====== INFORMATION SHOWN
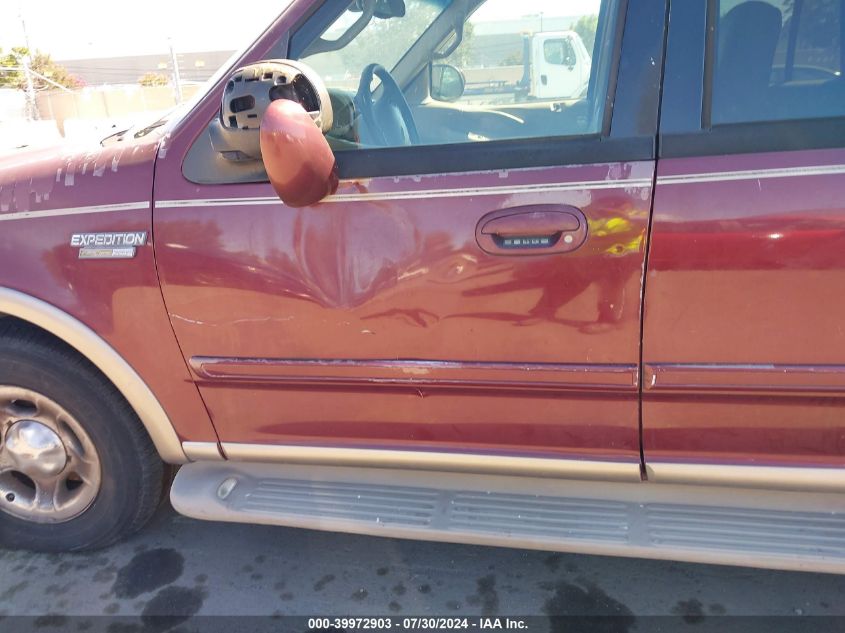 2001 Ford Expedition Eddie Bauer VIN: 1FMEU17L51LA83808 Lot: 39972903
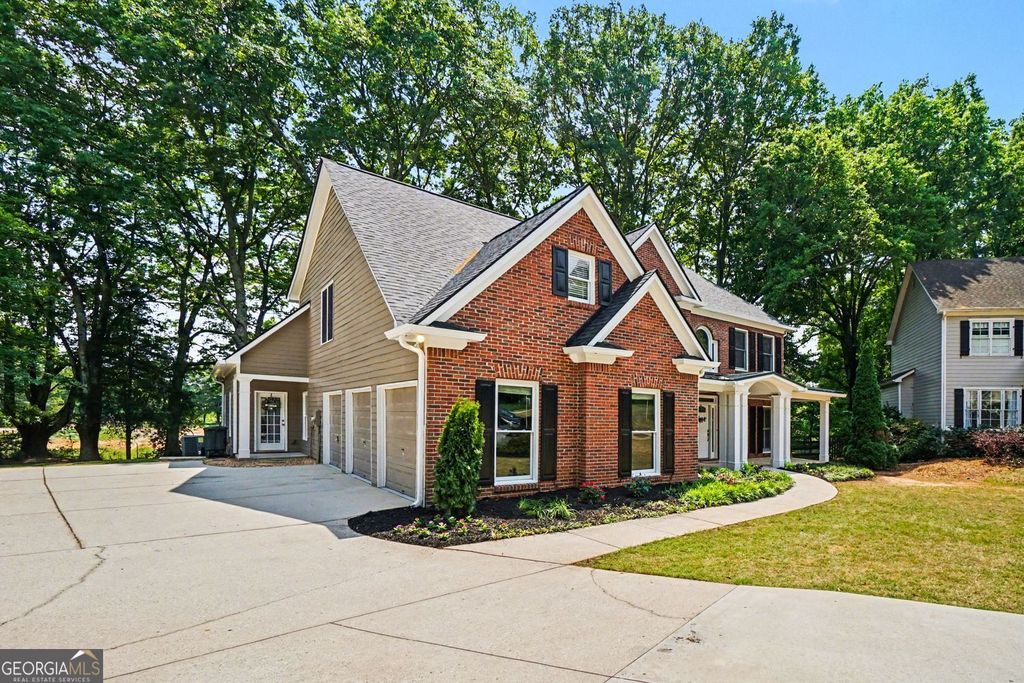 Photo of 607 Crimsonwood Court, Powder Springs, GA 30127 (MLS # 10740950)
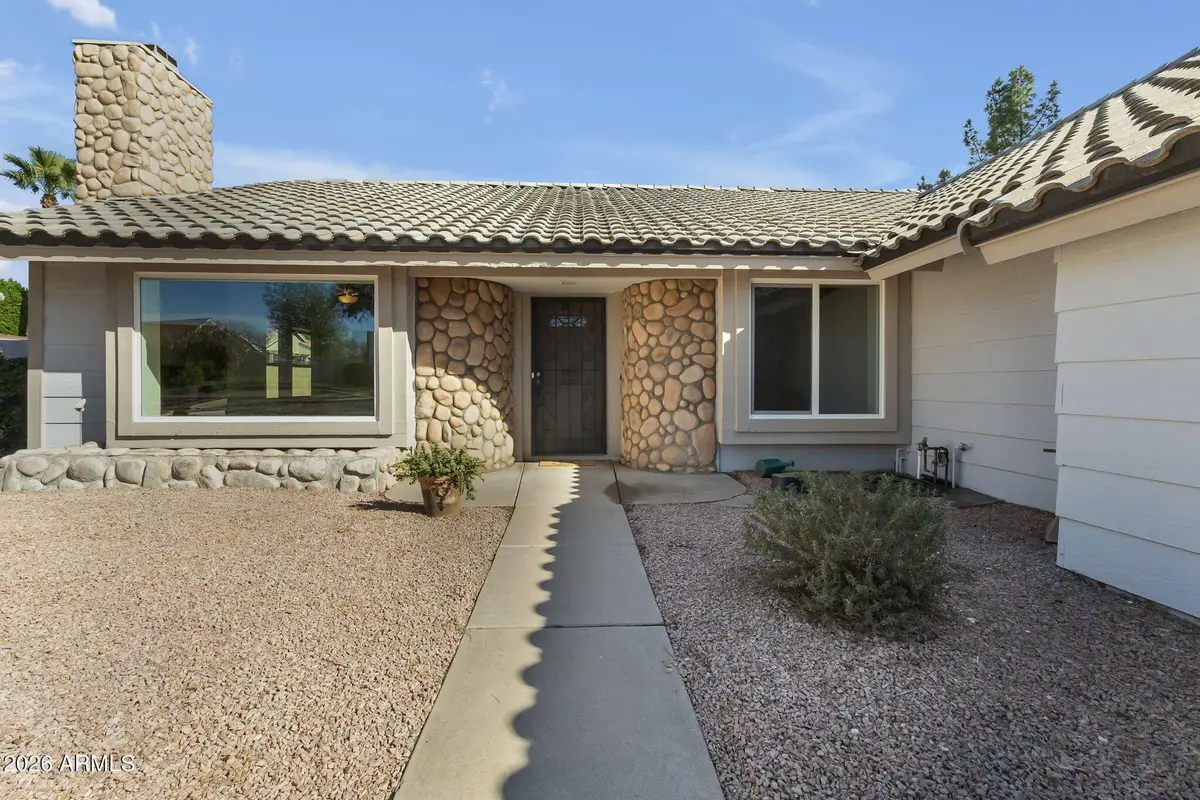935 N Senate Street, Chandler, AZ 85225 - Image #1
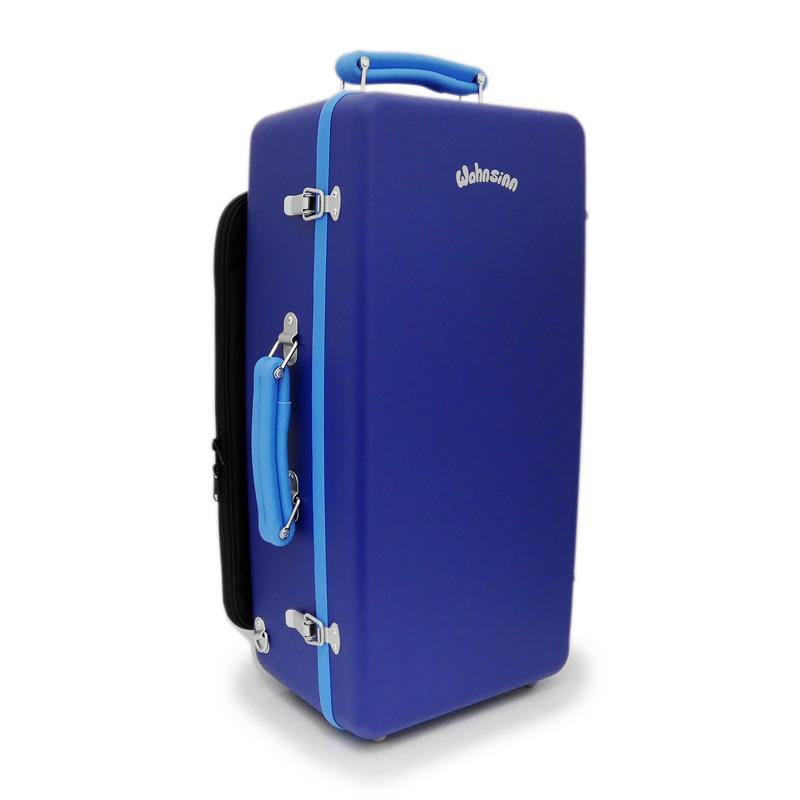 楽器種別：新品Wahnsinn Case/新品 商品一覧＞＞管楽器・吹奏楽器【75，000円〜145，000円】 商品一覧＞＞トランペット用アクセサリ/ケース/Wahnsinn Case 商品一覧＞＞サックス買うなら、当店で！専門のスタッフが丁寧に検品・調整しているので安心です！Wahnsinn Case ワンジンケース / COLOR CARBON Series (Matte Blue / Blue) トリプル トランペット用 ケース 【決算売り尽くしセール】商品説明Wahnsinn Case (ワンジン ケース) COLOR CARBON Series今SNSでも話題となっており、既に数多くの世界的なプレイヤーも愛用している、実用性とデザイン性に優れたトランペット用ケースです。2024年初頭に設立されたブランドで、中国・深セン市で製造されています。1本用ケースは大きな収納を備えており、ミュートや楽譜をはじめ演奏に必要なものをまとめて持ち歩くことができます。3本用・4本用ケースはカーボンファイバー製なので、とても軽量で堅牢です。本体とハンドル・トリムは色を自由に組み合わせることができ、お好みに合わせてオーダー可能となっております。・TRIPLE (3本収納)外寸 : 約54×26.5×20cm重量 : 約2.87kg本体カラー : Matte Blueパーツカラー : Blue*重量、サイズは、おおよその数値です。※楽器の形状や組合せによっては収納できない場合もございます。※輸入品のため、製造や輸送時に生じた小さなキズやスレがある場合がございます。あらかじめご了承ください。イケベカテゴリ_管楽器・吹奏楽器_トランペット用アクセサリ_ケース_Wahnsinn Case_新品 SW_Wahnsinn Case_新品 JAN:2500260821080 登録日:2026/01/04 Wahnsinn WAHNSINN ワンジン ワンジンケース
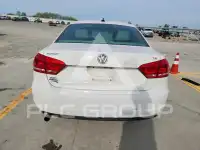 2015 Volkswagen Passat photo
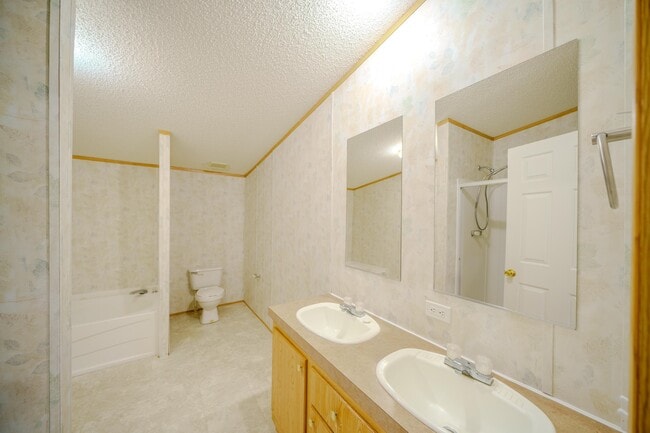 Building Photo - 2174 Clover Hill Rd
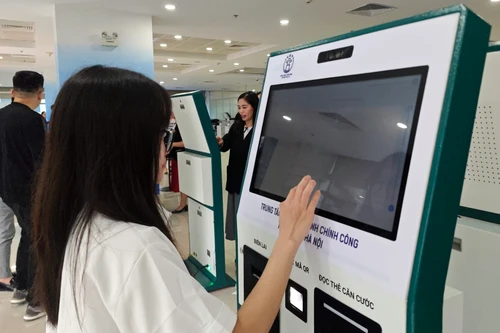 Hà Nội thí điểm kiosk thông minh xác thực, cấp bản sao số từ mai 10/11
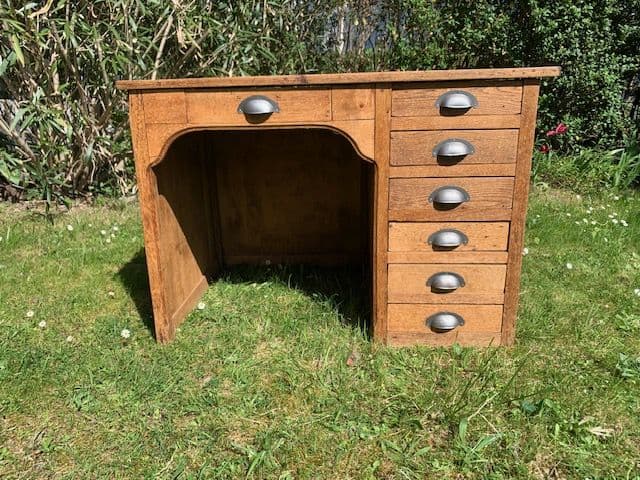 bureau bois marron à tiroirs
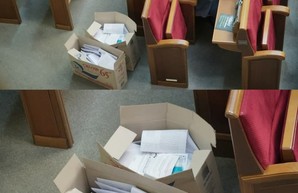 В Раде документы хранят в коробках из-под туалетной бумаги. ФОТО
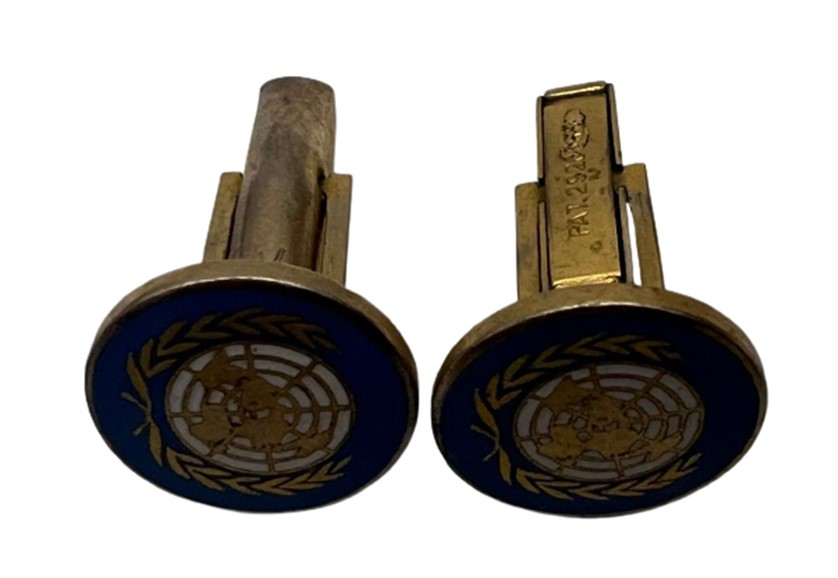 1950 NATO  BİRLEŞMİŞ MİLLETLER SİMGELİ SICAK MAVİ RENKDE MİNELİ PİRİNÇ ÇİFT KOL DÜĞMESİ MANŞET  PAT.2920363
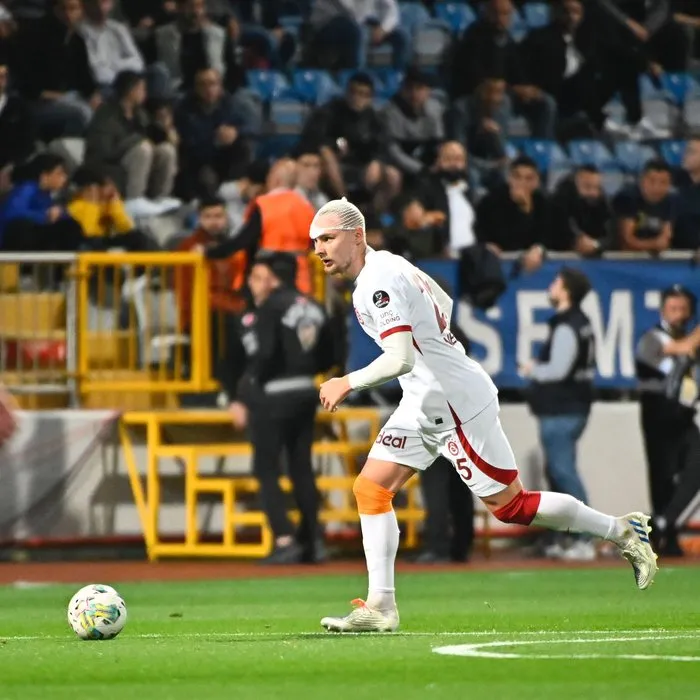 Son dakika Galatasaray haberleri: İstanbulspor maçını kafasında bandajla bitirmişti! Victor Nelsson’un son durumu belli oldu…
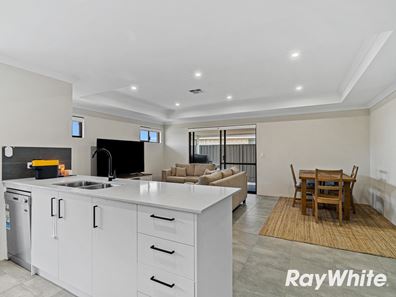 122 Lakewood Parkway, Coodanup WA 6210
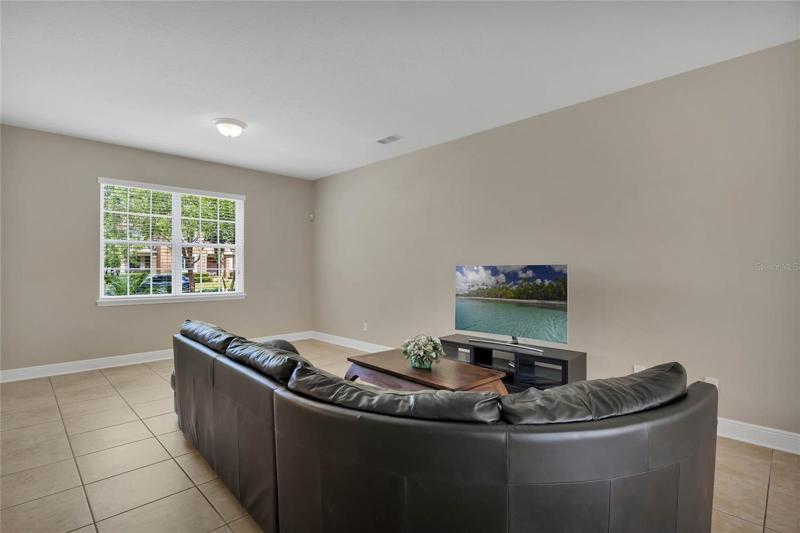 Spacious living space for even the largest sectional sofas with plenty of room to spare.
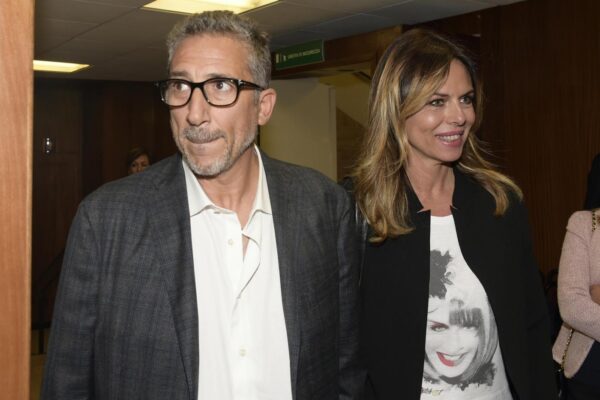 Lucio Presta “salvo per miracolo”, l’agente dei vip quasi schiacciato da 450 kg di trattore: “Ho protetto gli organi vitali”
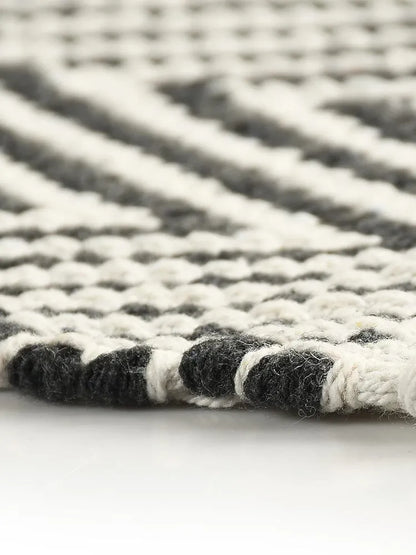 Sashaa World 100% Woven Washable & Reversible Cotton Small Rug Colour Black & White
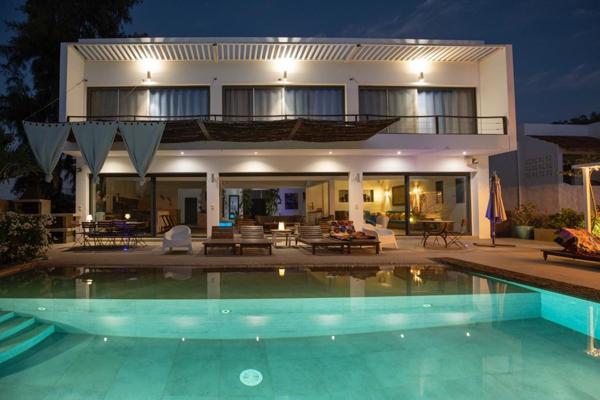 Magnifique Villa Pieds dans l'Eau 5 chambres sur 1063 m2 de terrain à Somone Somone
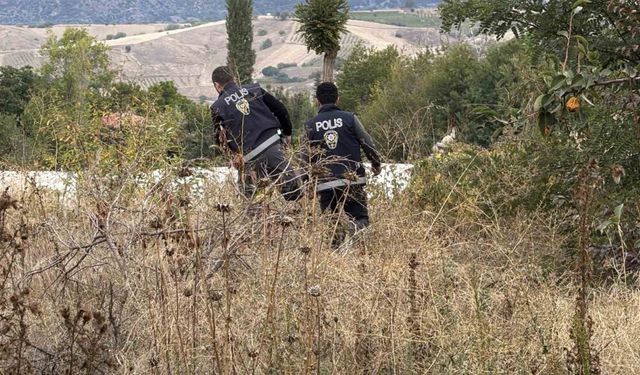 Tokat’ta uygulama noktasında kaçan göçmen konteyner altında yakalandı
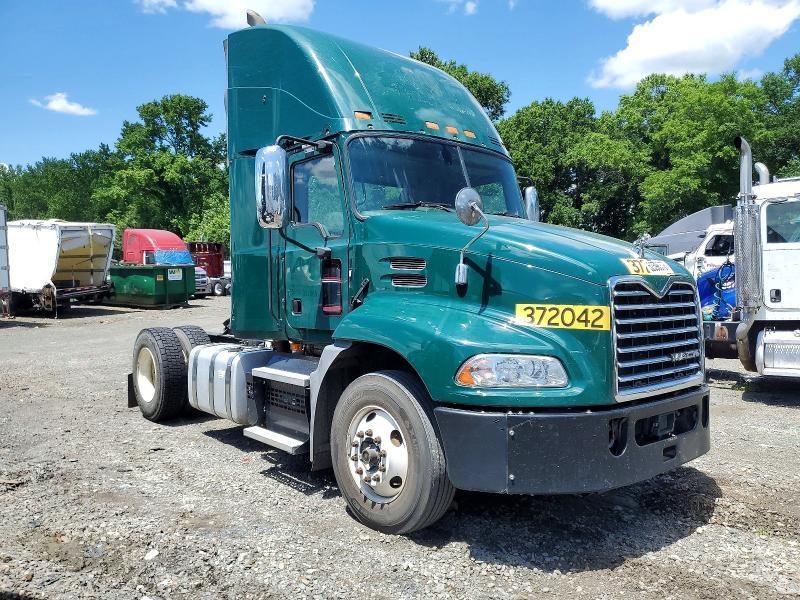 2018 Mack CXU612 Semi Truck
============
In the answer, give only the lines from the top of the data above through the line with "935 N Senate", reproduced exactly; no picture may appear.

 2001 Ford Expedition Eddie Bauer VIN: 1FMEU17L51LA83808 Lot: 39972903
 Photo of 607 Crimsonwood Court, Powder Springs, GA 30127 (MLS # 10740950)
935 N Senate Street, Chandler, AZ 85225 - Image #1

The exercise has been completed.